Higgins’ second false premise is that libraries do not stock the specific titles she mentions in her article — the ones she says are the true banned books. Firstly, none of them are children’s books, so they would not provide the “balance” to books like Tango that she claims to want. Secondly, she obviously did not bother to search the catalog of the library she criticizes by name, Schaumburg Township District Library, because it actually owns two of the books she cites. That in itself is impressive because all of the books on Higgins’ list are either self-published or from small presses, so they would be unlikely to turn up in the review sources that librarians usually use to support purchasing decisions. If she wanted to call Schaumburg librarians’ attention to the other books on the list, she might have availed herself of the “Suggest a Purchase” link prominently displayed at the top of every catalog page rather than calling their Banned Books Week celebration “a cutesy and condescending propaganda effort to mock conservative patrons into ideological submission.”
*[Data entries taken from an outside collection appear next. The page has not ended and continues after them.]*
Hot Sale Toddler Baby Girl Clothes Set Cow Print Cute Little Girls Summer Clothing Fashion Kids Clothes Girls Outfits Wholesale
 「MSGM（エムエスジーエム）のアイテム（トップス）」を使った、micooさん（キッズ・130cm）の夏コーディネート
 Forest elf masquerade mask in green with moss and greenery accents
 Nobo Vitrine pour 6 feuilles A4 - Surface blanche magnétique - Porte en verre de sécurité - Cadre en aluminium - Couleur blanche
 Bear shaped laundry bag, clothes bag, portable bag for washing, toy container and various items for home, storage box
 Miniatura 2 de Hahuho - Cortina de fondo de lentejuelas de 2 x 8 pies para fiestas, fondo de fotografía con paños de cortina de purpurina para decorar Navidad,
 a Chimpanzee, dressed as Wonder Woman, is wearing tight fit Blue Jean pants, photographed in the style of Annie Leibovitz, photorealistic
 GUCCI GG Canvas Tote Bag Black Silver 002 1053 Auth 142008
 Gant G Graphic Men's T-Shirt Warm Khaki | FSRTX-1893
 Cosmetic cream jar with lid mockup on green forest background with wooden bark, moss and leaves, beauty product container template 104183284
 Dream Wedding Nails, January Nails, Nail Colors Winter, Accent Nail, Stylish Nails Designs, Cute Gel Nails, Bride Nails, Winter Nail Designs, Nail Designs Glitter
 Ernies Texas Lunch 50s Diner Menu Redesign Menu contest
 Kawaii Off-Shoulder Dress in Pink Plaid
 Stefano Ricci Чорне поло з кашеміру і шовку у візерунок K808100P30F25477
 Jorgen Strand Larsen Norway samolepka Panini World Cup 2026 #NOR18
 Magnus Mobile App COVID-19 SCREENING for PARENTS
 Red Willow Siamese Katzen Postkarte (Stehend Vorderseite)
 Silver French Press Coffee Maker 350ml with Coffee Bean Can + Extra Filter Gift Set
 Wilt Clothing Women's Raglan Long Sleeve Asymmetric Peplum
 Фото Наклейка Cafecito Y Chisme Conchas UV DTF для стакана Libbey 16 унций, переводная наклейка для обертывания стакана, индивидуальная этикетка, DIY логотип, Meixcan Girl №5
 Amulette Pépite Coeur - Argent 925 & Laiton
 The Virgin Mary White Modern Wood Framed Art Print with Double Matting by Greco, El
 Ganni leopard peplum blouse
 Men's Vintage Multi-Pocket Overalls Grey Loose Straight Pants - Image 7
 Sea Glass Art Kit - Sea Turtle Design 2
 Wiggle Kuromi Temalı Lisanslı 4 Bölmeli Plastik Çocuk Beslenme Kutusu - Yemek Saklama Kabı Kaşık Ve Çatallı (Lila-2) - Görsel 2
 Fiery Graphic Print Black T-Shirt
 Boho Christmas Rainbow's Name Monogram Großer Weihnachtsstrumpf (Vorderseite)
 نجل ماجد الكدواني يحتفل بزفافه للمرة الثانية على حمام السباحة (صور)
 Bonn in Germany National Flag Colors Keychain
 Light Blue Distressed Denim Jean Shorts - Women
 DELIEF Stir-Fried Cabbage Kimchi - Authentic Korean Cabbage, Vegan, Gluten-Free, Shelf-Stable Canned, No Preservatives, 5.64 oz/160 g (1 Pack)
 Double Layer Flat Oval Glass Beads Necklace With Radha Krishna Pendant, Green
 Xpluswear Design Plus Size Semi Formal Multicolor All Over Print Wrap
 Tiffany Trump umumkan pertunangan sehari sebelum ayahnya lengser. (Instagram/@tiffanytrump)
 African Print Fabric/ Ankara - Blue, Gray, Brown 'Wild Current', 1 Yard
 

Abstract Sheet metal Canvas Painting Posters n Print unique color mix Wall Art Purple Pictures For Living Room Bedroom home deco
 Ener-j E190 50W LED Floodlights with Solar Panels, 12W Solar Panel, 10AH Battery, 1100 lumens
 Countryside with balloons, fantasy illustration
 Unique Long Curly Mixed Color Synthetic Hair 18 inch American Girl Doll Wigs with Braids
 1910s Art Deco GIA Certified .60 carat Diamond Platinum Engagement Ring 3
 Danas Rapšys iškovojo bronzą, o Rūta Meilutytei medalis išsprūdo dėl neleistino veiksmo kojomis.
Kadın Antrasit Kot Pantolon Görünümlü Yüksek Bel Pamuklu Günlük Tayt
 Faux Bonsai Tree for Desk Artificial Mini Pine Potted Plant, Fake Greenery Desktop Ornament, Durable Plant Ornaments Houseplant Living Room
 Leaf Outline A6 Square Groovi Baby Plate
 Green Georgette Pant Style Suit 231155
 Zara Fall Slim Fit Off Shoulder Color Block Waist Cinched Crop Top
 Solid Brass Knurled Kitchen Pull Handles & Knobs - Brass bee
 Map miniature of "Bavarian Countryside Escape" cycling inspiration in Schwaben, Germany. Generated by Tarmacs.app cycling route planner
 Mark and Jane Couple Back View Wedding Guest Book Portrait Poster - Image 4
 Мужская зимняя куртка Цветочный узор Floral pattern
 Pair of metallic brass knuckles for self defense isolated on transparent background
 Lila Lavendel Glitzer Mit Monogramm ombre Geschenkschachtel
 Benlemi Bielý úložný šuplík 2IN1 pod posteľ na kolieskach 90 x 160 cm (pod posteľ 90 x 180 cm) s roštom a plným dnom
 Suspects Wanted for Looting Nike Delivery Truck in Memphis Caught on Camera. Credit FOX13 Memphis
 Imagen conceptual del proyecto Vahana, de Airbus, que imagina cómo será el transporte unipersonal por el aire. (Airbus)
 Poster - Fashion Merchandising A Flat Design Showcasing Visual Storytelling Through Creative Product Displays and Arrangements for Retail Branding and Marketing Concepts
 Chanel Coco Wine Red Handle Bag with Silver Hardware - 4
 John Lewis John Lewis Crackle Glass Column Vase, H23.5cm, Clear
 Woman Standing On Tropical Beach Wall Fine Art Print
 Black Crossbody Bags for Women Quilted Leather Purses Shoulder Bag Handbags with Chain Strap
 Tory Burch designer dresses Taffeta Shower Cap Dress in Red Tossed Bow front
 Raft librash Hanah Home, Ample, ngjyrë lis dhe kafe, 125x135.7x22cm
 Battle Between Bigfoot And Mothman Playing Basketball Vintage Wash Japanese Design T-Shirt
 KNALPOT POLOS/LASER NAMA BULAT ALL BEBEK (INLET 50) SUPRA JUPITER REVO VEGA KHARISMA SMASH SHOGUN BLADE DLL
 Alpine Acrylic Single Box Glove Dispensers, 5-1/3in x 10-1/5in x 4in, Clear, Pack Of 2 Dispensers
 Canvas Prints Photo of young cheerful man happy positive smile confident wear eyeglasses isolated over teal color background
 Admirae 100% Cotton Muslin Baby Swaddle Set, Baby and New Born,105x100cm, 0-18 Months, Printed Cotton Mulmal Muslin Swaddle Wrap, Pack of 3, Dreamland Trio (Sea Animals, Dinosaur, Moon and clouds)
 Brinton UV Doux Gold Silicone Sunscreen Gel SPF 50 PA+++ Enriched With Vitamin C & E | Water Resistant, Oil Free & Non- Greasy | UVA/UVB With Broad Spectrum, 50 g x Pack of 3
Even so, Schaumburg’s collection does include plenty of books aligned with Higgins’ viewpoint — books that are likely offensive to LGBT patrons and many others. But as the library’s Resource Selection Policy clearly indicates, the inclusion of any particular item on library shelves does not imply endorsement of the ideas it contains but rather represents an effort to build “a collection that serves the diverse interests of the community.” The books linked in this paragraph serve one sector of the community which obviously includes Higgins, while Tango, The Family Book, and In Our Mothers’ House serve another. That’s exactly what a community-supported library should do!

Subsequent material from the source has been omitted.